What the task asks ▸ Please print all of the entries, matching them exactly.

[Brief descriptive captions]
-- Opening Marker --
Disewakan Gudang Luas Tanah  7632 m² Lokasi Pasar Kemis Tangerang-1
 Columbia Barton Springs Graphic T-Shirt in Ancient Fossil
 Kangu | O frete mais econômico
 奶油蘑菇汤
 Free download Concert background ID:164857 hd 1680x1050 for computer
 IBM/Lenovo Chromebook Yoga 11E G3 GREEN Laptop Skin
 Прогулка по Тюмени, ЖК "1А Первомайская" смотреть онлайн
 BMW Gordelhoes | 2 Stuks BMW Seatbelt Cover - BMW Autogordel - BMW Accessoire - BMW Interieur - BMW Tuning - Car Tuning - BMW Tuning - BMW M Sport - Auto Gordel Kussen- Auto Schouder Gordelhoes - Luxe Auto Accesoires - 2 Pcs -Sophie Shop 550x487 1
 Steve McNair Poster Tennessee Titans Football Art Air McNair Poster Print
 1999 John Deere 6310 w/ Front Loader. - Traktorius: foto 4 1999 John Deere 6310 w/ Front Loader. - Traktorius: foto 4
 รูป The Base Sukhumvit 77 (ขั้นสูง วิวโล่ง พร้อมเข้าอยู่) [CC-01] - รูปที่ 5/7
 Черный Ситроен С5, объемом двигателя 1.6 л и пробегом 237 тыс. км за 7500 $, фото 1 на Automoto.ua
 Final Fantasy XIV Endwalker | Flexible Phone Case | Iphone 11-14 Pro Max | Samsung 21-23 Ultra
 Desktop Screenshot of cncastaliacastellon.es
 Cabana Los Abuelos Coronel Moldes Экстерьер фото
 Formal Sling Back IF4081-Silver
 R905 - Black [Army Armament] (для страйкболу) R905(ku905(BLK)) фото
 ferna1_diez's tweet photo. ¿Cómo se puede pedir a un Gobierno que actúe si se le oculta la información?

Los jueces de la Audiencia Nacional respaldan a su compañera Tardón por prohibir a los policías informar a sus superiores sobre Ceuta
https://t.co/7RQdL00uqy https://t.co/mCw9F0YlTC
-- Closing Marker --
Result of this task ▸
Disewakan Gudang Luas Tanah  7632 m² Lokasi Pasar Kemis Tangerang-1
 Columbia Barton Springs Graphic T-Shirt in Ancient Fossil
 Kangu | O frete mais econômico
 奶油蘑菇汤
 Free download Concert background ID:164857 hd 1680x1050 for computer
 IBM/Lenovo Chromebook Yoga 11E G3 GREEN Laptop Skin
 Прогулка по Тюмени, ЖК "1А Первомайская" смотреть онлайн
 BMW Gordelhoes | 2 Stuks BMW Seatbelt Cover - BMW Autogordel - BMW Accessoire - BMW Interieur - BMW Tuning - Car Tuning - BMW Tuning - BMW M Sport - Auto Gordel Kussen- Auto Schouder Gordelhoes - Luxe Auto Accesoires - 2 Pcs -Sophie Shop 550x487 1
 Steve McNair Poster Tennessee Titans Football Art Air McNair Poster Print
 1999 John Deere 6310 w/ Front Loader. - Traktorius: foto 4 1999 John Deere 6310 w/ Front Loader. - Traktorius: foto 4
 รูป The Base Sukhumvit 77 (ขั้นสูง วิวโล่ง พร้อมเข้าอยู่) [CC-01] - รูปที่ 5/7
 Черный Ситроен С5, объемом двигателя 1.6 л и пробегом 237 тыс. км за 7500 $, фото 1 на Automoto.ua
 Final Fantasy XIV Endwalker | Flexible Phone Case | Iphone 11-14 Pro Max | Samsung 21-23 Ultra
 Desktop Screenshot of cncastaliacastellon.es
 Cabana Los Abuelos Coronel Moldes Экстерьер фото
 Formal Sling Back IF4081-Silver
 R905 - Black [Army Armament] (для страйкболу) R905(ku905(BLK)) фото
 ferna1_diez's tweet photo. ¿Cómo se puede pedir a un Gobierno que actúe si se le oculta la información?

Los jueces de la Audiencia Nacional respaldan a su compañera Tardón por prohibir a los policías informar a sus superiores sobre Ceuta
https://t.co/7RQdL00uqy https://t.co/mCw9F0YlTC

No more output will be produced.